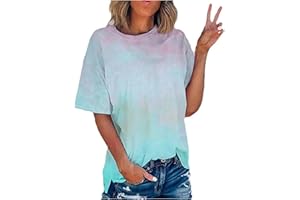 Binmer 2024 Summer Tie Dye Shirts for Womens Plus Size Short Sleeve Tops Fashion Gradient Graphic Tee Club Party Blouse S-5XL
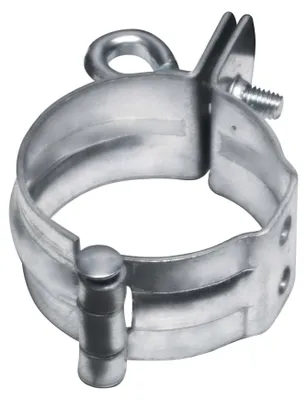 Produktbild von INEFA Rohrschelle für Schraubmontage, PVC DN75 / 75mm, Grau Stahl kunststoffbeschichtet, Fallrohr Befestigung, Dachrinnenzubehör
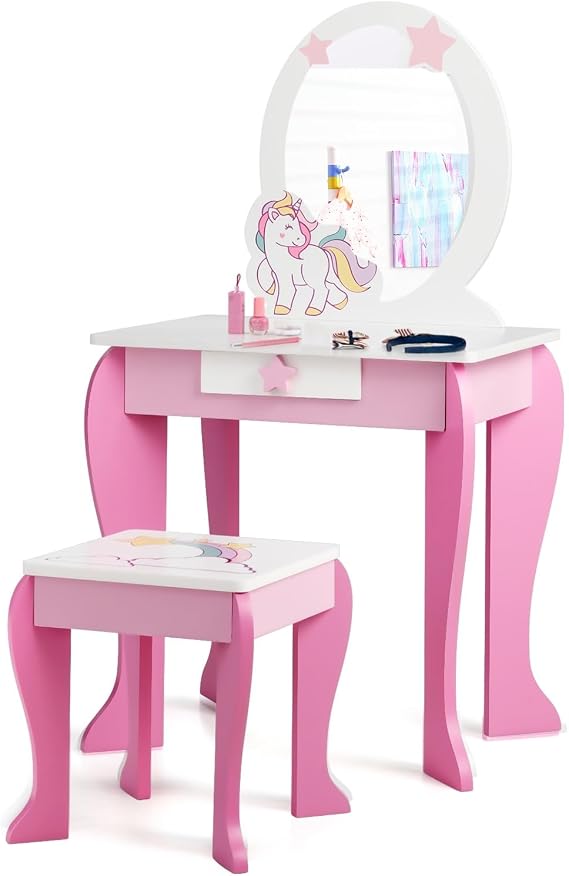AKUSTIK Kids Vanity, 2 in 1 Princess Wooden Table and Chair Set for Toddlers with Detachable Unicorn Mirror, Stool, Storage Drawer, Pretend Beauty Make Up Dressing Play Set for Girls Age 4-9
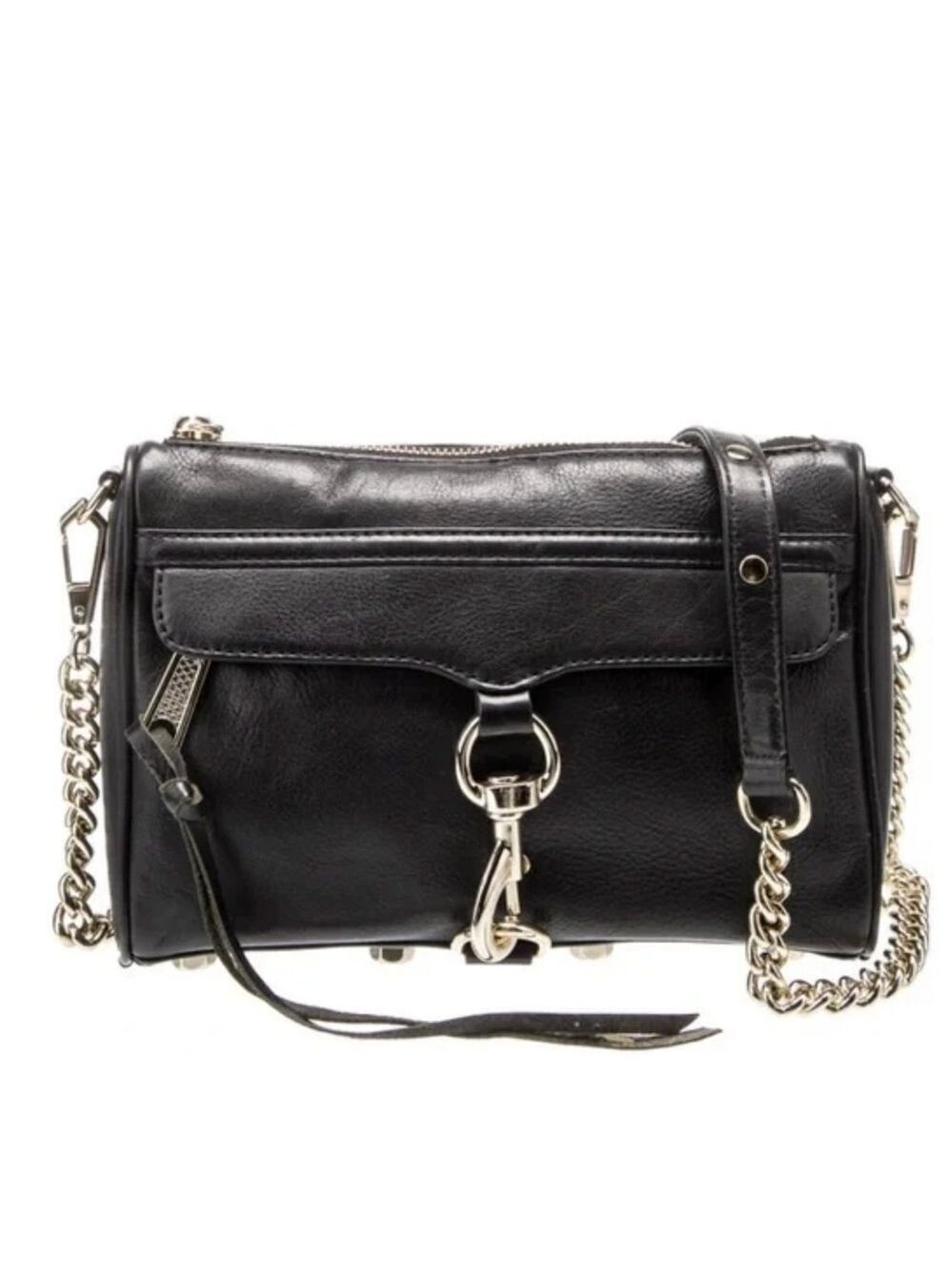 Rebecca Minkoff Crossbody Mini Mac Purse Black Leather And Silver Chain
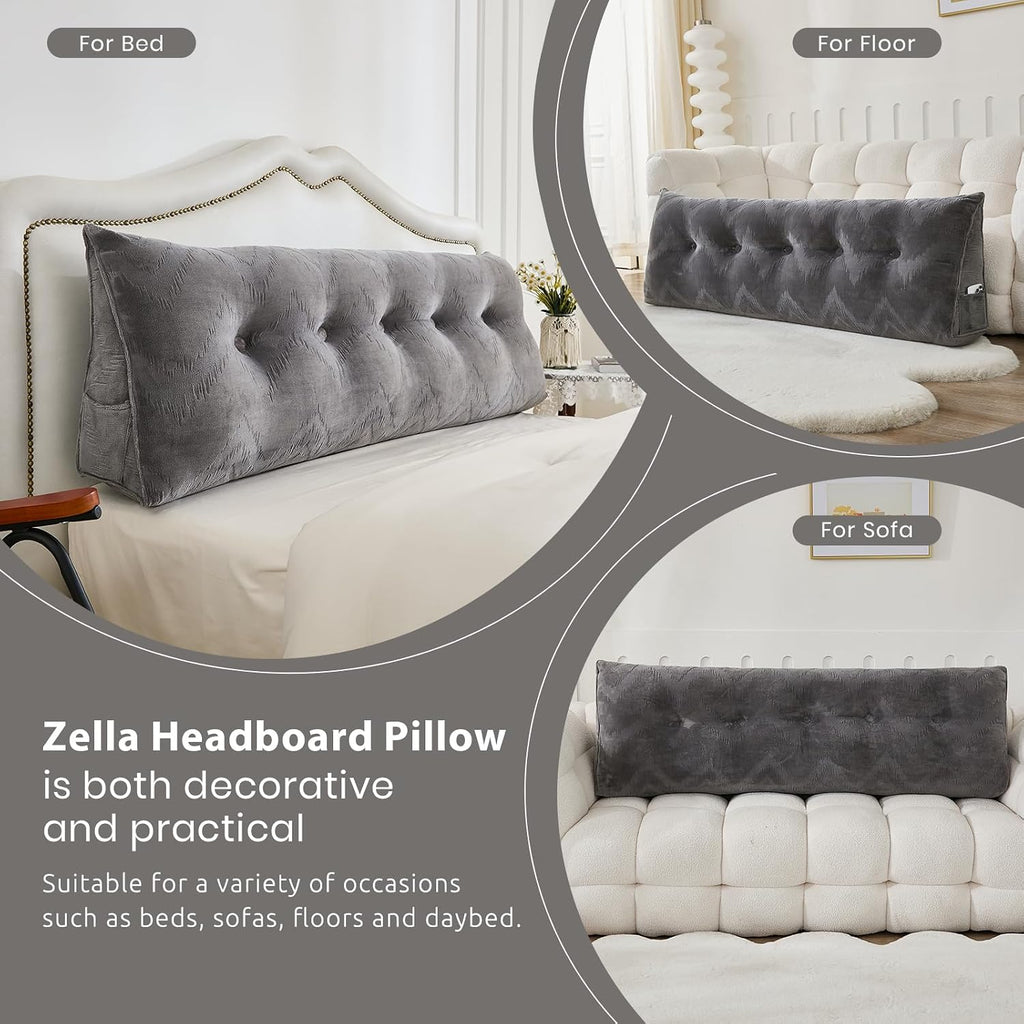 Zelladorra Headboard Pillow for Bed, Triangular Wedge Pillow Headboard Soft Support While Reading and Resting, Bed Bolster Cushion…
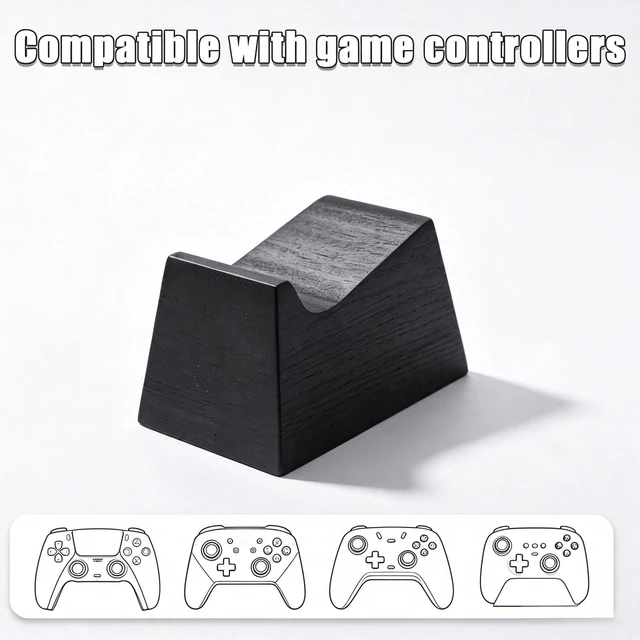 Alt view image 7 of 7 - Gamer Gifts for Teen Boy,Headphone Stand with 2 Controller Holder & Storage | Birthday Gifts, Gamer Lovers Room Decor Stuff Wooden Headset Holder for Christmas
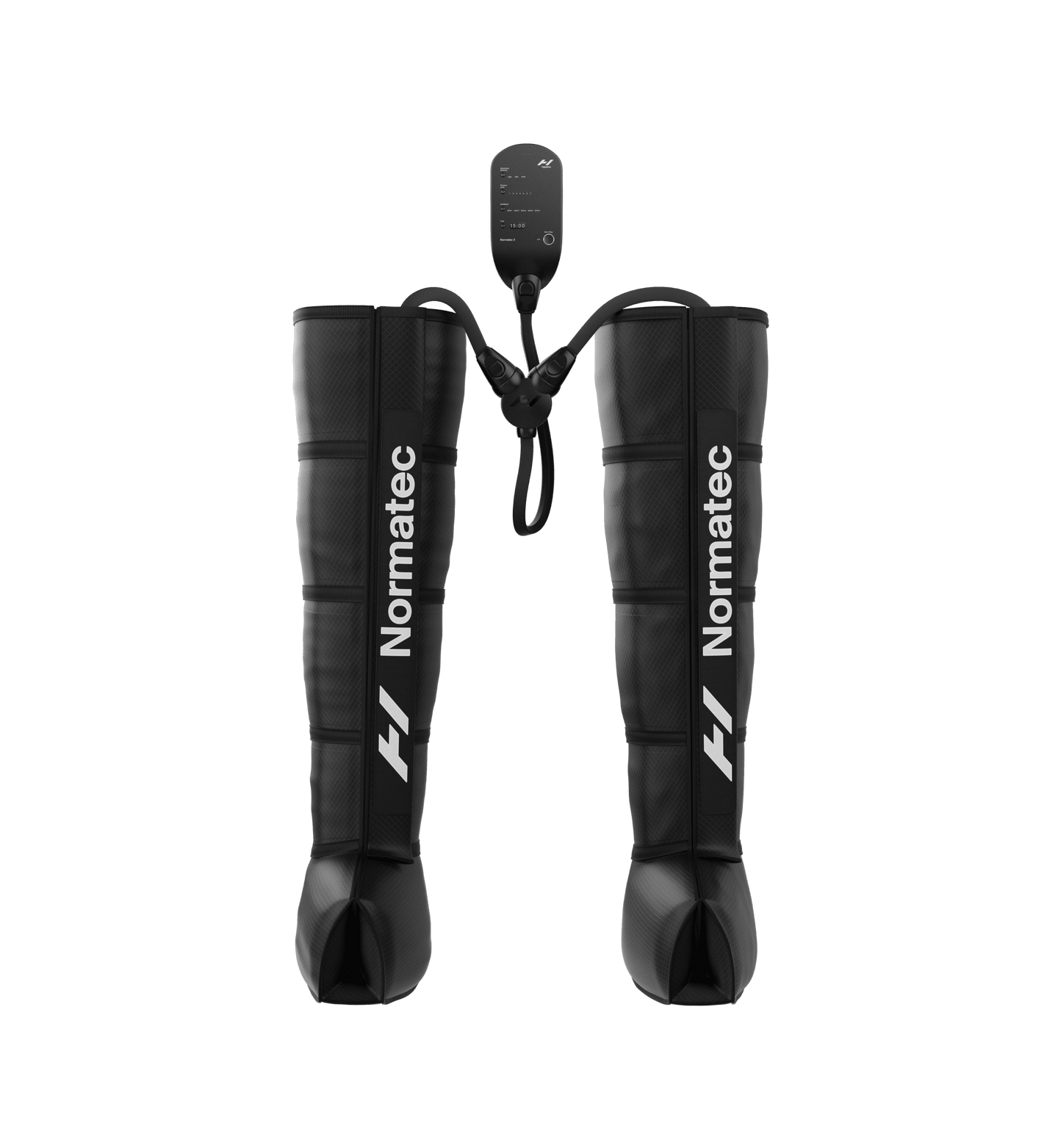 Black Normatec 3 legs compression boots on a transparent background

========================

● **What needs to be done**
The line containing "Produktbild von INEFA" marks the end: retype every line from the first one in the listing up to and including it, without pictures.

● **Exercise response**
 Binmer 2024 Summer Tie Dye Shirts for Womens Plus Size Short Sleeve Tops Fashion Gradient Graphic Tee Club Party Blouse S-5XL
 Produktbild von INEFA Rohrschelle für Schraubmontage, PVC DN75 / 75mm, Grau Stahl kunststoffbeschichtet, Fallrohr Befestigung, Dachrinnenzubehör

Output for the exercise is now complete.